Turkish Ambassador to Senegal
- Incumbent
- Assumed office 01 February 2023
- Preceded by: Ahmet Kavas

Personal details
- Born: 1967 (age 58–59) Ankara
- Alma mater: University of Ankara
- Profession: Photographer, Diplomat
- Website: nursagman.com

= Nur Sağman =

Turkish diplomat (born 1967)

Hatice Nur Sağman is a Turkish diplomat and the incumbent ambassador of Turkey to Senegal. She was the Turkish ambassador to Guinea from 2015 until 2018 and consul general in Odesa, Ukraine from 2013 until 2015.

==Education==
Nur obtained her bachelor's degree in economics from Ankara University, Faculty of Political Sciences, Department of Economics in 1988.

==Career==
She started her career at the Turkish Radio-Television (TRT) and worked as an assistant producer for the children's program 'Sesame Street' from 1988 to 1990.

In 1992, She joined the Ministry of Foreign Affairs (Turkey) as a career diplomat.
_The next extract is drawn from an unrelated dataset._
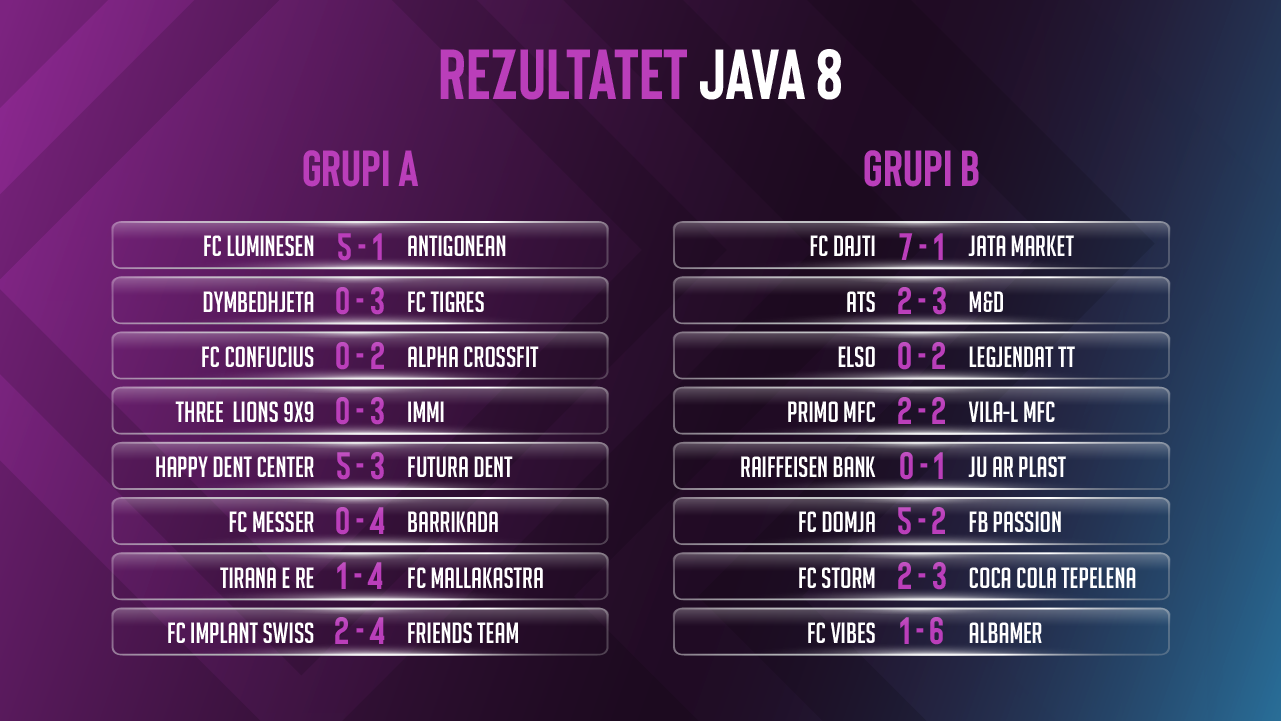 Sunday League/ Alpha CrossFit kryeson Grupin A, Dajti në krye të Grupit B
Sağman have served at various roles in different countries including France, Romania, Estonia and Morocco. She became the Head of the Department of International Organizations between 2010 and 2011, between 2011 and 2013, she was head of the Protocol Department and served as the Consul General in Odesa between 2013 and 2015. She was the Turkish ambassador to Conakry, Guinea from 1 September 2015 to 30 November 2018. She was also interim at Chargé d'Affaires of the Libreville Embassy from August 15, 2019, until resumption of her appointment as the Director General of Bilateral Political Affairs (Africa) at the Ministry of Foreign Affairs Turkey on January 17, 2020, She is currently the incumbent Turkey Ambassador to Dakar, she took over the baton from Ahmet Kavas as of February 1, 2023.

==Personal life==
Nur has been nicknamed Erdogan's Madame Africa. She was married to Mümtaz Sevinç, a Turkish theater, cinema and TV series actor(now late) for a while.